Furthermore, it should also be noted that every precise physical experiment that it has been possible to accomplish has verified the anticipations of the Lorentz-Einstein transformations; it is owing to this fact that the theory was not abandoned years ago. This in itself should warn us against asserting that the transformations possess no physical significance.

Thus far we have been concerned with generalities and have merely attempted to show why Bergson’s solution of the problem must be discarded on first principles. Leaving aside this aspect of the question, it is instructive to consider the formal proof which he presents in support of his contentions.

He appears to realise that the entire matter hinges on the measure of physical reality which should be credited to the Lorentz-Einstein transformations. Accordingly, he attempts to prove that these transformations do not represent reality, but possess a mere fictitious mathematical significance having nothing in common with the physical world. He calls them “phantasmatical,” contending that mathematicians, not being trained in philosophy, are severely handicapped when they attempt to interpret their equations, and are incapable of distinguishing mathematical fictions from physical reality. So Bergson proceeds to demonstrate the fictitious significance of the transformations.

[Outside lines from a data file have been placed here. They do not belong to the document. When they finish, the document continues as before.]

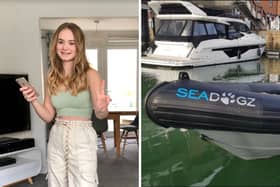 An inquest has heard how the boat involved in the incident where Emily Lewis died, had been involved in three previous incidents.
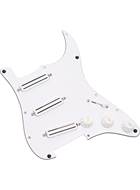 Seymour Duncan Loaded Pickguard Triple Rails White (Ex-Demo) #11550-05-W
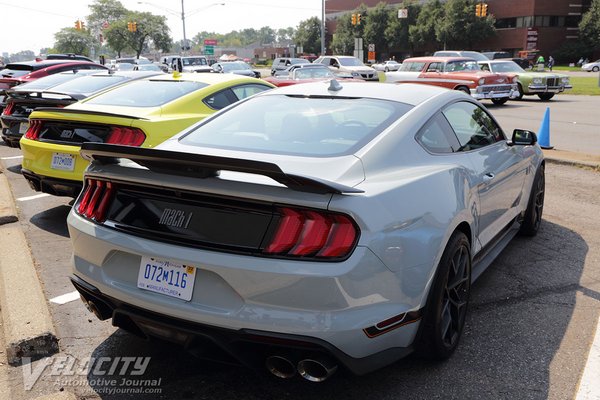 2021 Ford Mustang Mach 1
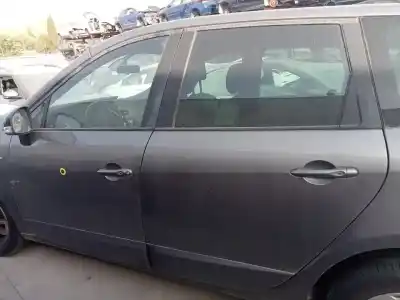 Scrapping Vehicle renault scenic iii emotion of the year 2016 powered k9kg6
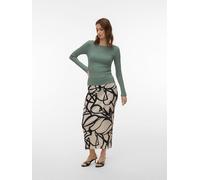 Vero Moda Longsleeve in Grün - Größe XL | Damen Tops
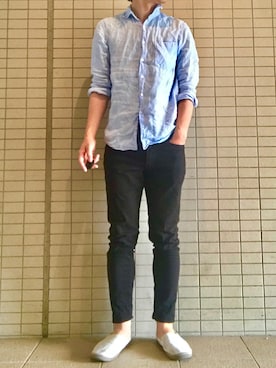 eiさん（メンズ・173cm）の夏コーディネート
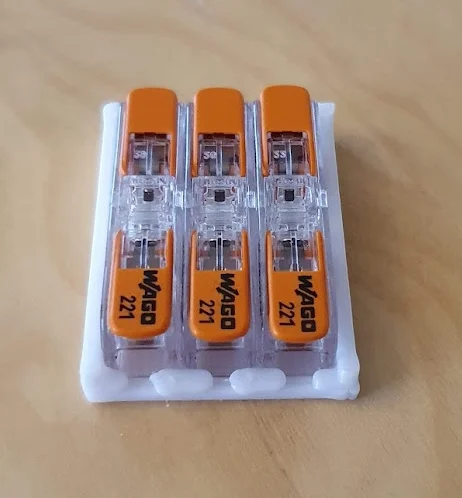 Hộp đựng đầu nối Wago 221 cho 2 và 3 dây - Image 5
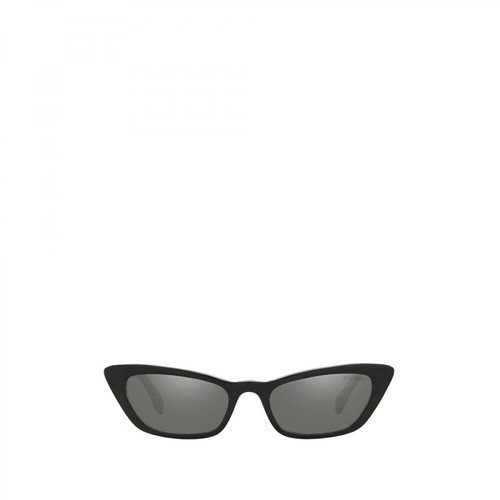 Miu Miu, MU 10Us 2Af175 sunglasses Czarny, female, 840.00PLN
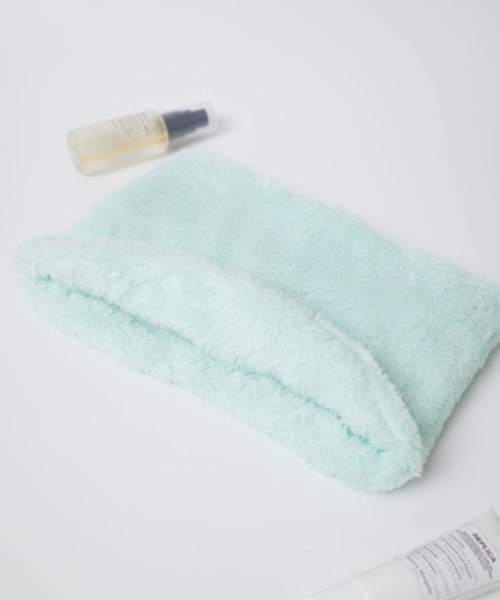 Champion（チャンピオン）の「champion / kids ボアネックウォーマー / 767-0051（ネックウォーマー/スヌード・キッズ・ブラック/ベージュ/ピンク/ミント/ブラウン/パープル・FREE）」の15枚目の写真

He first serves us with a series of arguments based on the principle of the relativity of motion itself. In the very first paragraph, however, he confuses the relativity of Galilean motion with the complete relativity of all motion, Newtonian and special relativity with visual relativity, velocity with acceleration. All these errors relate to classical science itself; and it is obviously quite impossible to discuss Einstein’s theory intelligently until we have acquired at least an elementary knowledge of classical mechanics. Following this philosophical demonstration, he goes on to give us a mathematical one; but all he succeeds in proving is that he has not the slightest conception of the most elementary properties of mathematical transformations.

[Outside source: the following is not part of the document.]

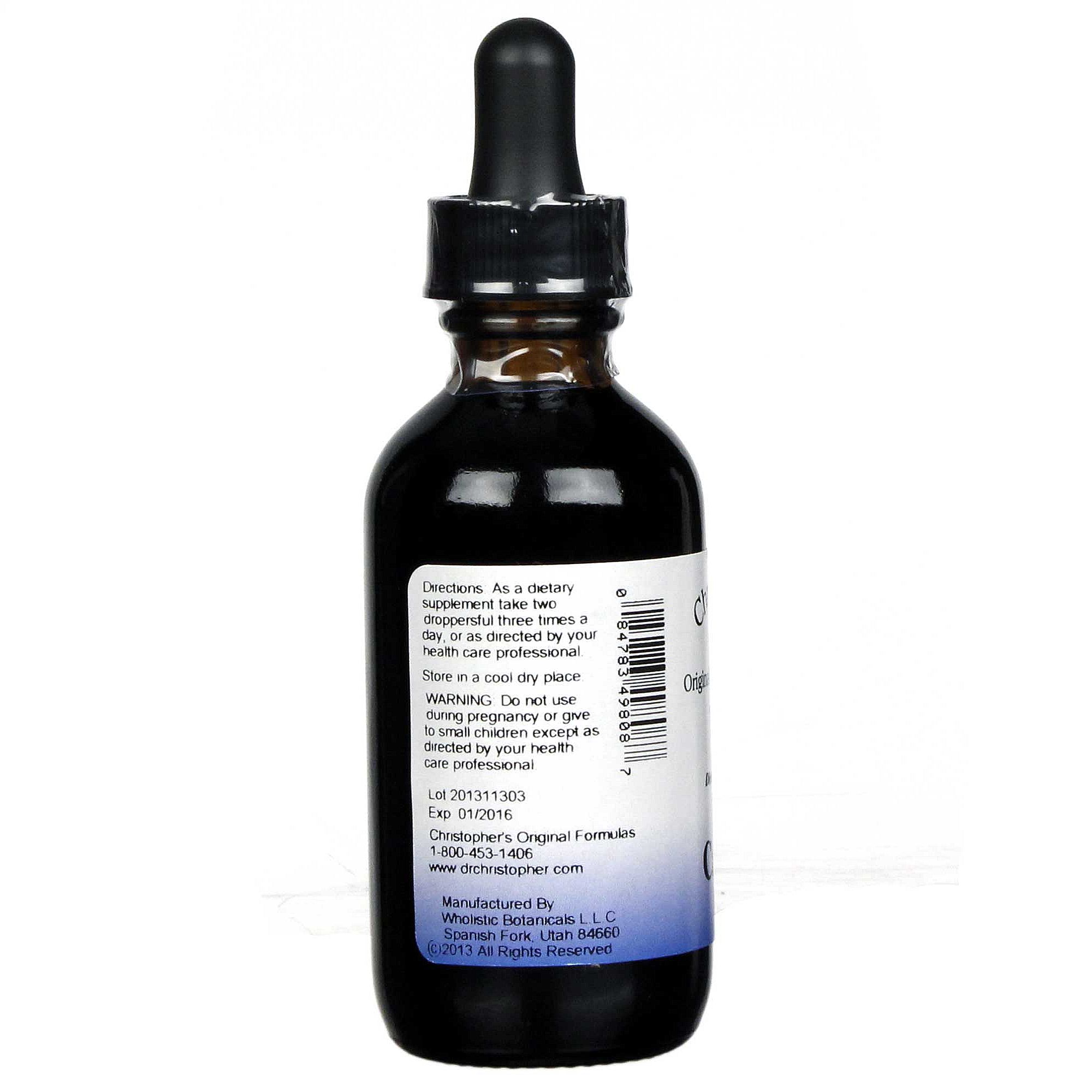 Comprar Dr. Christophers, Fórmula de Ervas Cálcio - 60 ml - Imagem 3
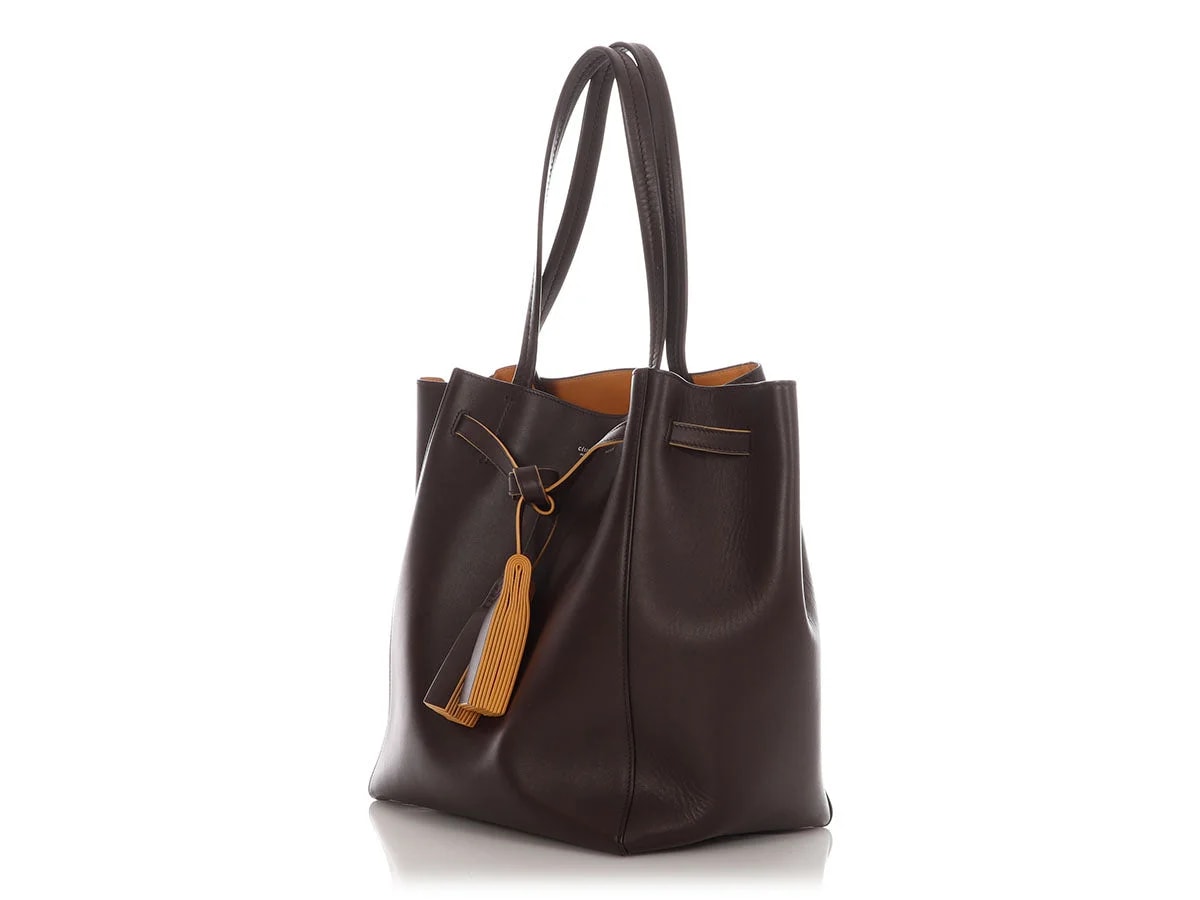 Celine Small Tassel Cabas Phantom 3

Now, without going into mathematical details, let us make an effort to see why it is that the clock of the travelling twin must necessarily have suffered retardation. To understand the reason, we must revert to Einstein’s premises, and in particular to the postulate of the invariant velocity of light. This postulate, as we have explained on several occasions, states that all Galilean observers situated in their respective Galilean frames will discover, as a result of measurement with rigid rods, that waves of light invariably pass through their frames with the same constant speed of 300,000 kilometres per second. If this postulate be accepted, we must infer that in every Galilean frame, time can be measured by the distance in space covered by a wave of light (the distance being measured with rigid rods at rest in the frame). As a result the postulate allows us to construct a sort of optical clock. We may, for example, consider two parallel mirrors situated at a fixed distance apart of 1.5 kilometres in our Galilean frame, and we may suppose that a wave of light is reflected back and forth from one mirror to the other. These oscillations of the ray of light, covering always the same distance, require equal durations; and in the present case 100,000 such double oscillations would be seen to define a duration of one second for that Galilean frame in which the optical apparatus was situated. We must henceforth consider every Galilean frame as possessing an optical clock of this kind defining the passage of time for its own frame.

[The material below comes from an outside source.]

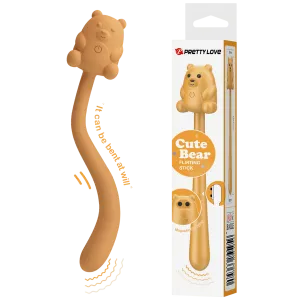 Cute Bear Flirting Stick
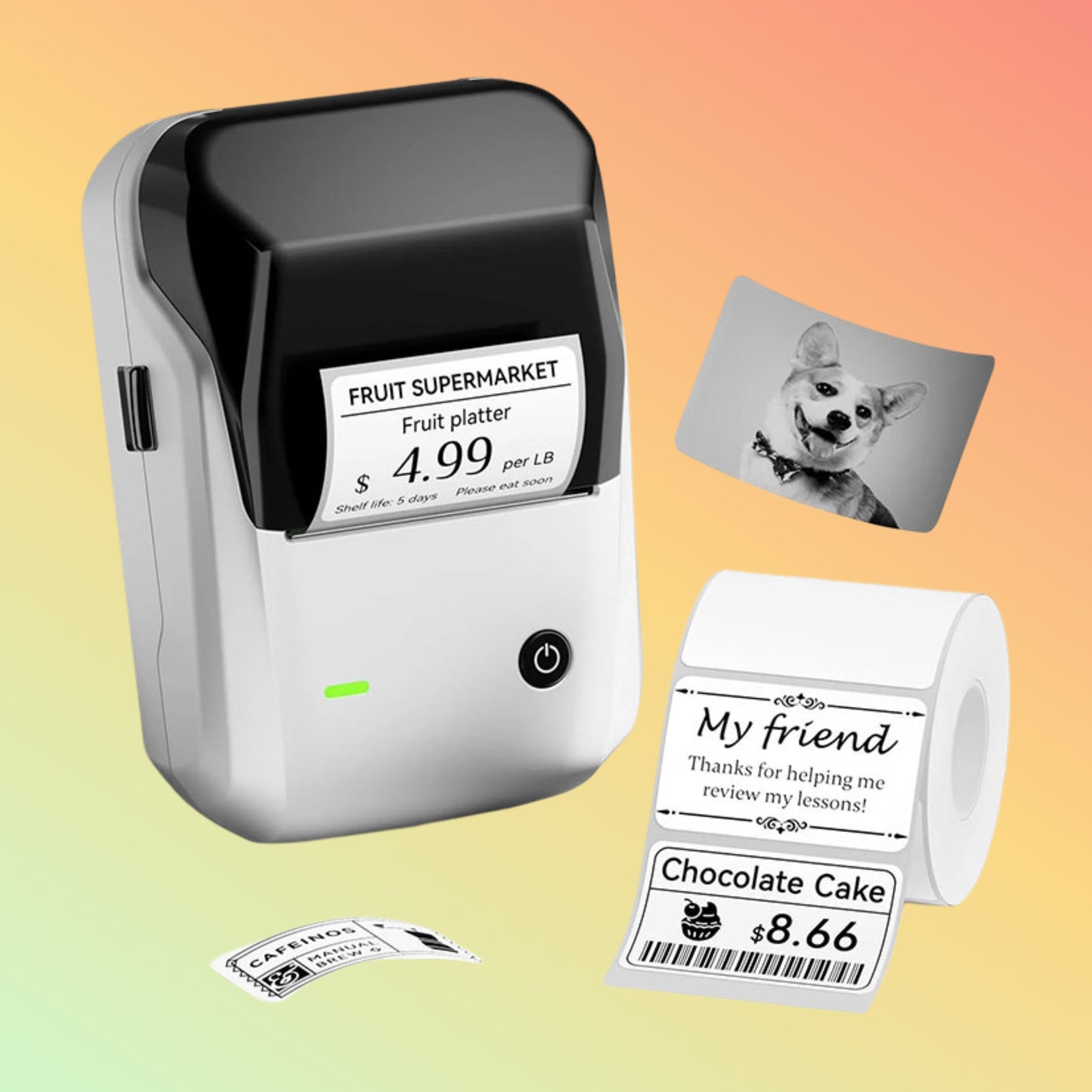 Retail Product Barcode Label Printing UAE | FMCG, Supermarket & Product Label Printing | NEOTECH® UAE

Let us now analyse the problem of the two twins; and let us suppose that we as observers are stationed on the earth, say, at the North Pole. To a high degree of approximation we may consider ourselves, therefore, as at rest in a non-rotating or Galilean frame. The moving observer is also situated in a Galilean frame, moving away from us with a speed which we shall assume to be about four-fifths that of light. He visits a distant star which we should recognise as being sixteen light years distant[73] from us, then reverses his velocity and returns to earth.